- La rupture avec les présupposés

Pour parvenir à une connaissance scientifique des faits observés, l’observateur de la réalité sociale doit se dégager de ses prénotions, des préjugés et de ‘« l’illusion de la transparence »’. C’est ce que rappellent les auteurs du « métier de sociologue » pour qui ‘« le fait est conquis, construit et constaté »’ contre l’illusion du savoir immédiat.

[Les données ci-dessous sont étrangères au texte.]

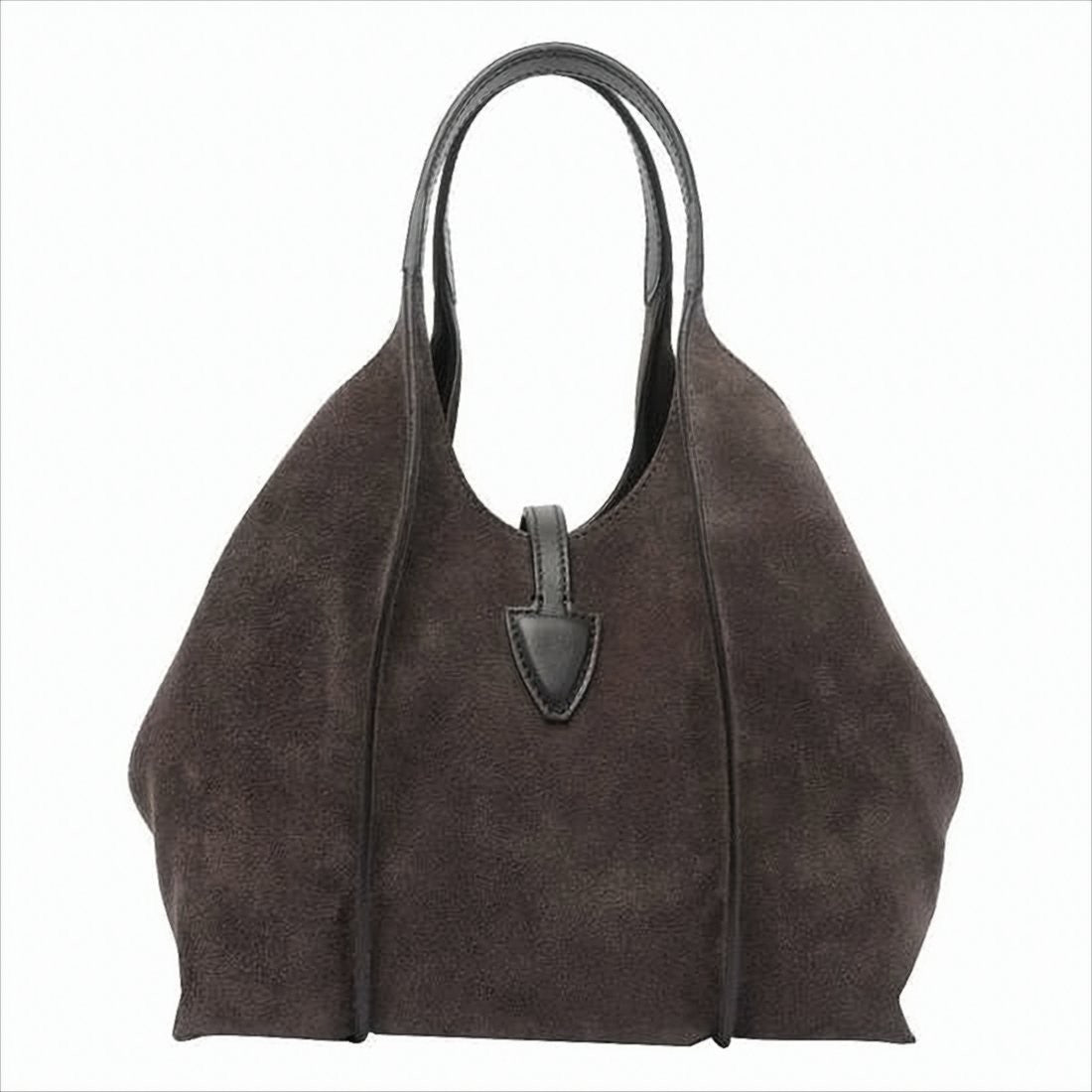 Soft Suede Crossbody Bag with Metallic Buckle Detail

‘« L’expérimentation vaut ce que vaut la construction qu’elle met à l’épreuve et la valeur heuristique et probatoire d’une construction est fonction du degré auquel elle a permis de rompre avec les apparences et, par là, de connaître les apparences en les connaissant comme apparences... La valeur d’un modèle formel est fonction du degré auquel les préalables épistémologiques de la rupture et de la construction ont été remplis. »542

La rupture avec les savoirs établis et la construction par des procédés appropriés constituent deux préalables incontournables pour produire des connaissances scientifiques. Ainsi, c’est en se référant à un modèle théorique que le sociologue peut éviter les pièges de la sociologie spontanée et accéder à une connaissance rigoureuse et objective.

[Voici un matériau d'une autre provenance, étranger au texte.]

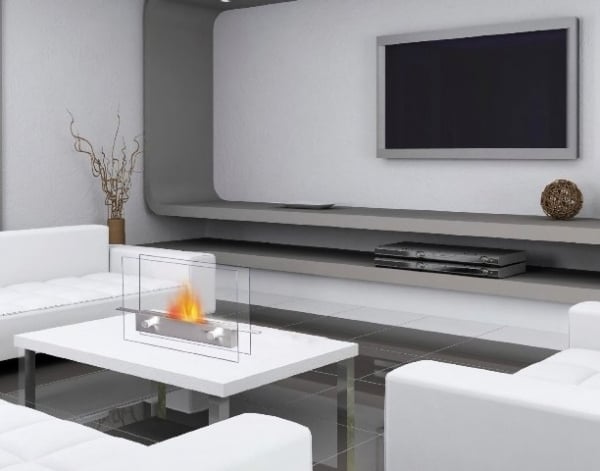 Ethanol-Bio Tischkamin-minimalistisches Wohnzimmer Design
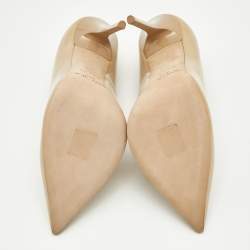 Jimmy Choo Beige Patent Leather Anouk Pumps Size 36.5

Toutefois, la mise en oeuvre de la démarche scientifique ne se concrétise pas de la même manière dans le cas d’une recherche-action. Celle-ci comporte diverses spécificités, qui vont avoir une incidence sur les phases de rupture et de construction. Nous ne cherchons pas à situer la singularité de la recherche-action par rapport aux méthodes classiques de recherche en sciences sociales, mais à identifier certains traits caractéristiques, afin de pouvoir définir les critères permettant d’apprécier la scientificité des études socio-économiques.

En raison du principe de l’unité entre la recherche et l’action, ‘« l’élaboration de la connaissance requiert une transformation de la réalité à laquelle elle se réfère »’ 543. L’intention de recherche et la volonté de changement sont partagées au sein d’une même équipe. Le rapport entre la théorie et l’expérience se trouve inversé, car la pratique sociale constitue le point de départ et le point d’aboutissement de la recherche. Théorie et pratique se situent dans un rapport dialectique, ce qui modifie la manière d’opérer la rupture, celle-ci s’effectuant par oppositions et dépassements.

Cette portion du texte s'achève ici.